Trafik egzoz dumanları, özellikle azot oksitler ve partikül maddeler de dahil olmak üzere hava kirliliğine maruz kalmanın da gebelik sonuçlarını ve düşük riskini olumsuz etkilediği kanıtlanmıştır. Bu maddeler, gebeliğin sürdürülmesinde önemli rol oynayan dolaşım sistemini ve hormonal süreçleri etkileyebilir.

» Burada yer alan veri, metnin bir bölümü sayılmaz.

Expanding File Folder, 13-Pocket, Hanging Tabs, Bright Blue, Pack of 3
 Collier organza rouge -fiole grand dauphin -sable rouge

Uzman, "Trafikte geçirilen zaman, daha fazla kirletici solumakla ilişkilidir. Bu durum günlük olarak ve uzun bir süre boyunca gerçekleşirse, önemli bir etkiye sahip olabilir" dedi.
Ona göre, sonuçlar birçok bilim insanının pandemi sırasında gözlemlediği sonuçlarla tutarlı. Karantina, evden çalışmanın doğurganlık ve gebelik sonuçları üzerinde olumlu bir etkiye sahip olabileceğini gösterdi.
"Pandemi döneminde doğurganlık oranı biraz daha yüksekti ve araştırmalar, evden çalışan kadınların çocuk sahibi olma olasılığının daha yüksek olduğunu gösterdi. Bu durumun nedenleri o zamanlar analiz edilmemişti, ancak bizi hareketlilikle ilgili konulara bakmaya yöneltti," diye açıkladı.
Dr. Jarosz'a göre, bu sonuçların önemli pratik sonuçları var; birçok kadının çocuk sahibi olma şansını artırmasına yardımcı olabilirler. İşe gidip gelmenin uzunluğu ve sıklığı, yaş veya vücut ağırlığı gibi faktörlerin aksine, nispeten kolayca değiştirilebilen faktörlerdir.
Araştırmacı, "Bu, birçok durumda etkileyebileceğimiz bir şey. Uzaktan veya karma çalışma mümkünse, özellikle yaşlı kadınlar, vücut kitle indeksi yüksek olanlar veya daha önce düşük yapmış olanlar gibi risk grubundaki kadınlar için değerlendirilmeye değer," diye belirtti.
Elbette her meslekte evden çalışma imkânı yok ama yine de işverenin iyi niyeti ve uygun düzenlemelerle işe gidiş geliş günlerinin bir miktar sınırlandırılabileceğini ekledi.
Varşova Üniversitesi'nden bir uzman, "Kuaförlük, catering veya perakende gibi mesleklerde bile, çalışma haftasını kısaltmayı veya hamile kadınlar için esnek çalışma saatleri getirmeyi düşünmek faydalı olabilir. Bu, özellikle yüksek risk grupları için uygulanabilir bir önleme yöntemi olabilir," dedi.
Polonya da dahil olmak üzere gelişmiş ülkelerde doğurganlıktaki keskin düşüş, Dr. Jarosz'un da vurguladığı gibi, bu çalışmaya özel bir önem kazandıran ek bir bağlam sunmaktadır. Giderek daha fazla kadın ileri yaşlarda anne olmaya karar verdikçe ve düşük riski ebeveynlerin yaşıyla birlikte arttıkça, değiştirilebilecek küçük faktörlerin bile belirlenmesi halk sağlığı politikasının önemli bir unsuru haline gelmektedir.
"Kadınların daha fazla çocuk sahibi olması gerektiğini sık sık duyuyoruz, ancak aynı zamanda evden çalışma birçok çevrede eleştiriliyor. Bu arada, çalışmamız uzaktan çalışma olanağının kadınların doğurganlığını ve sağlığını gerçekten destekleyebileceğini gösteriyor," diye sözlerini tamamladı.
Çalışmanın yazarları, bir grup kadına işe gidiş gelişlerini sınırlamaları, diğer gruba ise mevcut rutinlerini sürdürmeleri tavsiye edilerek araştırmayı bir pilot klinik proje şeklinde sürdürmeyi planlıyor. Bu, yaşam tarzı değişikliklerinin düşük oranlarını gerçekten düşürüp düşürmediğini doğrulamamızı sağlayacak.